Consejos y Etiqueta para Recorrer la Ciudad Laberíntica de Fez
La medina de Fez (ciudad vieja) es uno de los laberintos más complejos del mundo. Los callejones son estrechos y el GPS puede ser impreciso, por lo que a veces es importante guardar el teléfono y tener la ‘libertad de disfrutar perdiéndose’. Si te pierdes, busca una calle principal (como Talaa Kebira) o utiliza los minaretes o la Puerta de Bab Bou Jeloud como puntos de referencia para reorientarte.
Además, en los callejones, se escucha con frecuencia el grito ‘¡Balek!’ (¡Abre paso!). Esta es la señal de que se acercan burros o mulas transportando cargas.

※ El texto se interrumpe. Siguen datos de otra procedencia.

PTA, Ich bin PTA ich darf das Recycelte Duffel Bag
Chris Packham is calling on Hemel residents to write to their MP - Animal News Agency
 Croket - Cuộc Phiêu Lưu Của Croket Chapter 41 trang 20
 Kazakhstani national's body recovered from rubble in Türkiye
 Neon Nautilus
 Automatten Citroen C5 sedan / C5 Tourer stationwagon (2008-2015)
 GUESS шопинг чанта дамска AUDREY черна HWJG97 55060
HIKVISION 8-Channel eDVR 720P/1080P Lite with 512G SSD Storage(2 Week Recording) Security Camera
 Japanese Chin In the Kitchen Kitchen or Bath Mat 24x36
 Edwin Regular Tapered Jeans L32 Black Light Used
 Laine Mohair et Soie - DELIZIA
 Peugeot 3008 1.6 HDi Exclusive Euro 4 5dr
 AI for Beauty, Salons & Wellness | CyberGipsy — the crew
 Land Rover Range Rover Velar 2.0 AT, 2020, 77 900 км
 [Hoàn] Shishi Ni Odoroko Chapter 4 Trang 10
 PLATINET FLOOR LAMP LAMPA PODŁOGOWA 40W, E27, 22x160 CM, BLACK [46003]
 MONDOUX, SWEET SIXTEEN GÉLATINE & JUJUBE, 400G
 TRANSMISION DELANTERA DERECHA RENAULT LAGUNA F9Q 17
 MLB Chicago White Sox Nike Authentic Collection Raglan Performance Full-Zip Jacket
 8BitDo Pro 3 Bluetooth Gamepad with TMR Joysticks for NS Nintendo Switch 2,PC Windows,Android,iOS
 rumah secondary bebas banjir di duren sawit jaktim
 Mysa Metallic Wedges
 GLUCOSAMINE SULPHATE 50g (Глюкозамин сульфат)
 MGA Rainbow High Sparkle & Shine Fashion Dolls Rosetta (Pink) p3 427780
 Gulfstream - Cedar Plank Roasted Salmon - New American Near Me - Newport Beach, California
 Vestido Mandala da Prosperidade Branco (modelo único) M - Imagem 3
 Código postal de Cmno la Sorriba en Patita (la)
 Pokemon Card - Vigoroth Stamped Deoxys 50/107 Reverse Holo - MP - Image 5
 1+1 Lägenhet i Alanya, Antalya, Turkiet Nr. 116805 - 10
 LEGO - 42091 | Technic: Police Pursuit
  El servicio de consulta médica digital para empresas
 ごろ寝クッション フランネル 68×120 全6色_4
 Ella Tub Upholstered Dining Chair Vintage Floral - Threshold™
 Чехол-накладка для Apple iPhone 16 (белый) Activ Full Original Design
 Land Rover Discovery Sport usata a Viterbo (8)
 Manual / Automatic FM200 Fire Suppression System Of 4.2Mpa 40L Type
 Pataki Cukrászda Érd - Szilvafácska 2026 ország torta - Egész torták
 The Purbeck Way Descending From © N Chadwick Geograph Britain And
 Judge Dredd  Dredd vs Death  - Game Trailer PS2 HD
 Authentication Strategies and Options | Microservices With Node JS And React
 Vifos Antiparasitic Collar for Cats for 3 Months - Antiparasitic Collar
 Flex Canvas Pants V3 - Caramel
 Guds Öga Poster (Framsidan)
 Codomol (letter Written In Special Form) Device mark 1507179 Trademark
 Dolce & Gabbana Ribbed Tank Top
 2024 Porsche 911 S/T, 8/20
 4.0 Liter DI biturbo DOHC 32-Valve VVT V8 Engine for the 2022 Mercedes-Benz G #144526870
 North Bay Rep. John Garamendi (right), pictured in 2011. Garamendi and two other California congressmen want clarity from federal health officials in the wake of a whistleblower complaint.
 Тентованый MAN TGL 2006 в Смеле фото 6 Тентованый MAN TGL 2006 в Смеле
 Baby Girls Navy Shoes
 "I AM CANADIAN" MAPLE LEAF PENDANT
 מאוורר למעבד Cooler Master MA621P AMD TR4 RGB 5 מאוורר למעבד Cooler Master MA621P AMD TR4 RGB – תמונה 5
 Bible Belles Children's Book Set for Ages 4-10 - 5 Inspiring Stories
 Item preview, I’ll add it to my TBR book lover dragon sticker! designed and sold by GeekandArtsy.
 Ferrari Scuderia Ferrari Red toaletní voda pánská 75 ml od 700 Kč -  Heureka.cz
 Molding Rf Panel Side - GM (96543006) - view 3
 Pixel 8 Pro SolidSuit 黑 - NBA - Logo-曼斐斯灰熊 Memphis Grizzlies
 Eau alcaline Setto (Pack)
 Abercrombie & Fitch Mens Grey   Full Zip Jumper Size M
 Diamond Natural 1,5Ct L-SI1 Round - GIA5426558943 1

Si escuchas la voz, apártate inmediatamente a un lado del camino; dar prioridad al paso de los animales es una regla fundamental de la medina. Intenta no obstaculizar su trabajo, ya que son el soporte de la infraestructura de vida local.
Finalmente, la medina de Fez es, en esencia, una ‘sociedad totalmente en efectivo’. Se necesita dinero en efectivo para las entradas a las instalaciones (la mayoría 20 MAD), pagos en cafés y zumos de naranja recién exprimidos que compres en la calle. Si llevas muchos billetes pequeños de dírham y monedas retirados de un cajero automático en el aeropuerto o en la ciudad nueva, podrás disfrutar de un profundo recorrido por la ciudad sin estrés.